PROVIDED DATA —
########################################

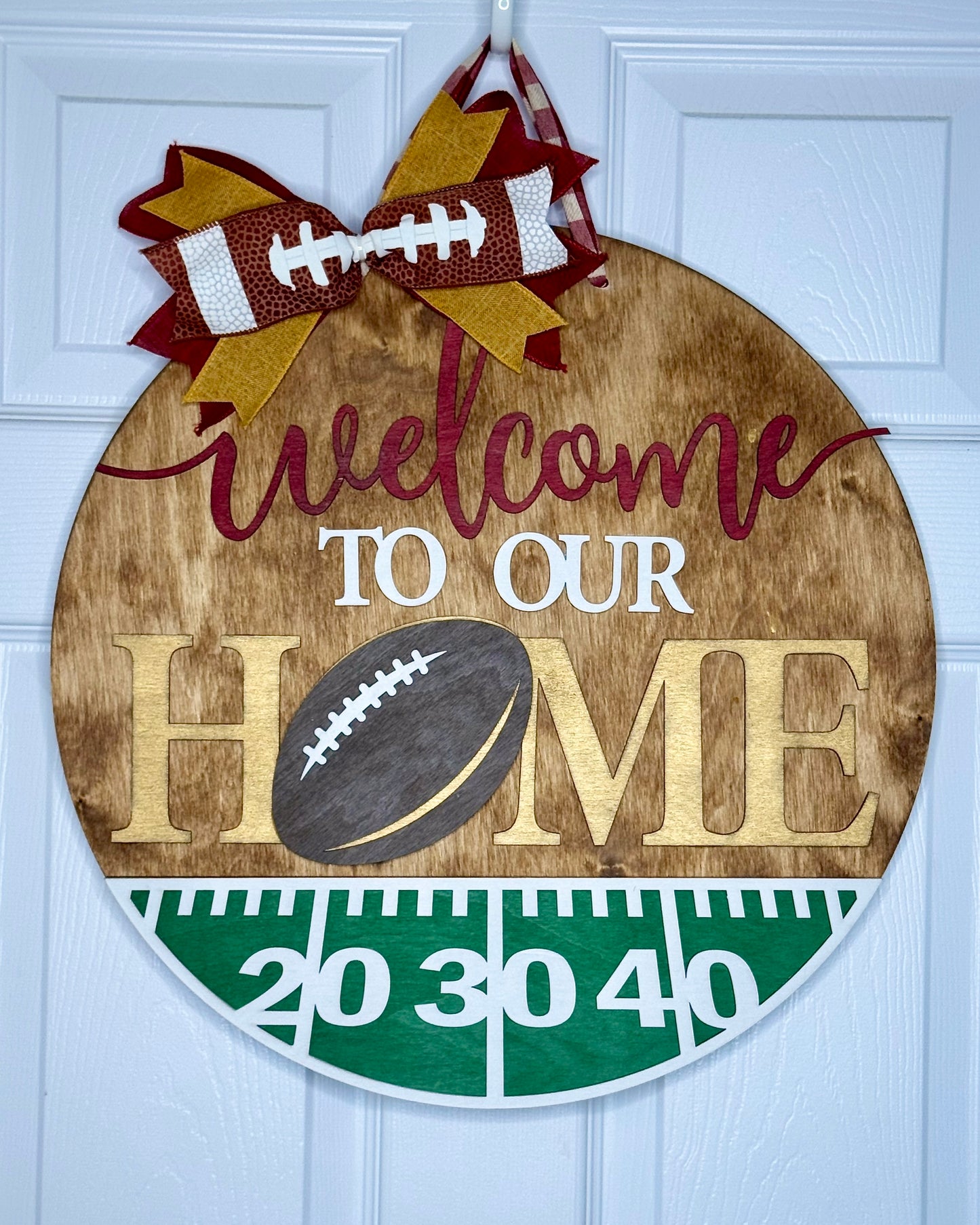 Welcome to Our Home with Football Door Hanger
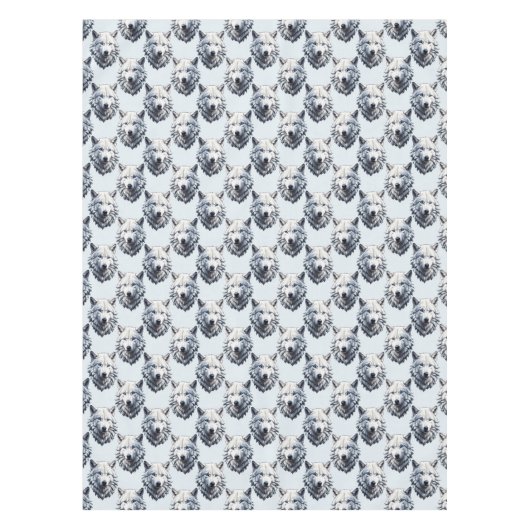 Witte Wolf Hoofd Patroon Ontwerp - Wit Tafelkleed (Voorkant)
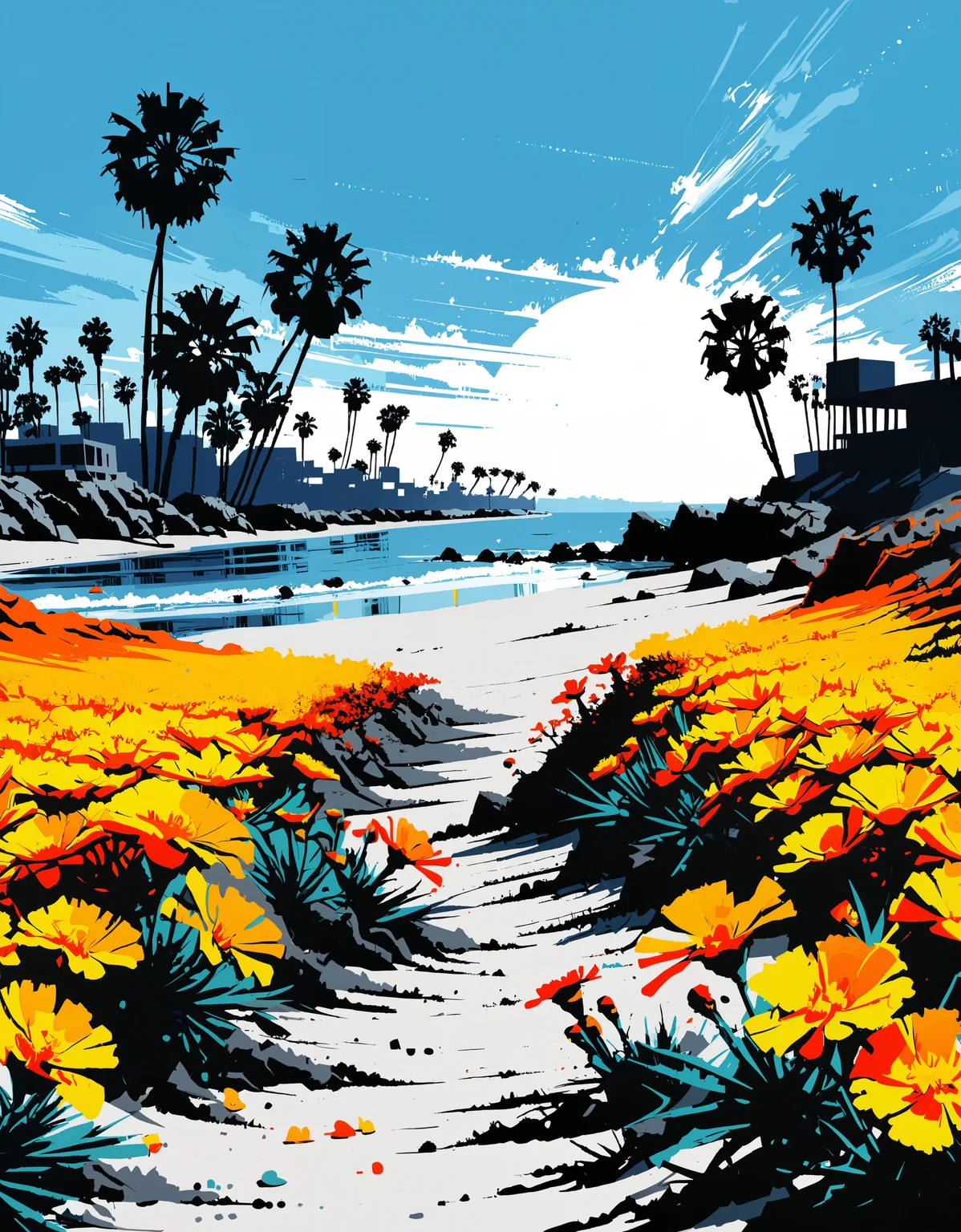 zavy-ngtvpnt, negative space, minimalism, painting, beach, landscape of a (Los Angeles:1.2) and Marigolds, it is Jagged, Clear skies, Cyber Noir, four colors, cybernetic, sunny, complimentary colors, holy, stunning detail, unique, intricate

########################################

ABOUT THIS TASK — Print out the material verbatim, skipping pictures.

SOLVED EXERCISE —
 Welcome to Our Home with Football Door Hanger
 Witte Wolf Hoofd Patroon Ontwerp - Wit Tafelkleed (Voorkant)
 zavy-ngtvpnt, negative space, minimalism, painting, beach, landscape of a (Los Angeles:1.2) and Marigolds, it is Jagged, Clear skies, Cyber Noir, four colors, cybernetic, sunny, complimentary colors, holy, stunning detail, unique, intricate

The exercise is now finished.